Putting some hair behind her ear, she straightened her back and glanced at the carpet beside us.
"I don't know. I'll be honest, I'm missing a few things from my memory. But I know why I was out on the pier whe you came. I went out there because I was upset about something else. I was going to do something," she swallowed mid-sentence, "awful to take care of it."
Of course, I couldn't help but imagine the tragic suicide I could have resulted walking into. It wouldn't have sobered me, but it would have done well to astound me. From day one, this girl had made it clear she intended to pull herself out of hell by her front teeth or to take the next rascal down with her. I could have been missing something, but it would be hard to get the full story from a mere acquaintance who hadn't told me so much as her name and ultimate agenda.
Jezebel added, "When you came along, I didn't see why I should let you do anything as ridiculous."
"You are cognizant it makes no difference if I had walked off that pier?" I scoffed.
She smiled slightly. "Yes. But it's still painful each time, isn't it? Dying?"
I could have gone over the mechanics and thousands of sciences it took to explain the death of a vampire—I'm sure she would have been a fanatic for it had I already been aware of her obsession with the sciences—but for that moment, I was withholding my own vulnerabilities.
Instead, I invited, "If I hadn't been there, would you still have done it? This terrible thing?"
She seemed to laugh at the idea now, shaking her head at her own stupidity. "I think I would have deserved it, but I also think I am stubborn enough to have let freezing cold water stop me," she considered. "And I hope for your sake, whatever brought you to that pier passes you by, Niklaus. I'd be disappointed to see a worthy adversary unravel so easily."
She stood from her seat, her hand falling on my wrist and gliding off the cotton of my sleeve. The thin nails of her ring finger and pinky stimulated the skin over my thudding vein, the upright hairs on my arms reaching back.

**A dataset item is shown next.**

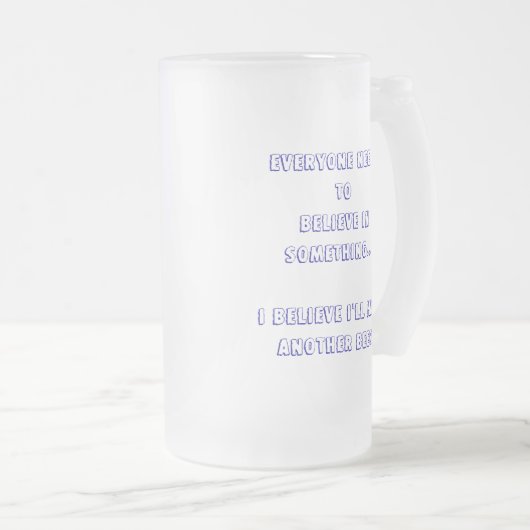 第21皆は何かで信じる必要があります フロストグラスビールジョッキ (正面右)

"That's the thing about adversaries. Sometimes, they fold with the settle of a score," I told her, getting to my feet.
Jezebel met me at the door with my jacket, a thin smile rising and falling from her lips as she idled for me to put it on.
The button on the cuff taps against the rim of the crooked handcrafted foyer table, rattling something on top. That rattle came from a thick-banded ring, decorated with branches and vine-like shapes that connected to the feet of a capital M.
My heart skipped a beat, knowing it was just last Christmas that Rebekah had personally requested two more be made in its likeness for Elijah and myself. Elijah never took his off, mine sat in a drawer at home where it was restrained from contact with my painting supplies.
"Where did you find this?" I frowned, picking up the ring.
"The Miller's boy found it yesterday on the trails outside the you seen it before?" she answered.
I had. What I failed to understand was why Kol would ever leave it to rust in the rain and soil of the home he once embraced.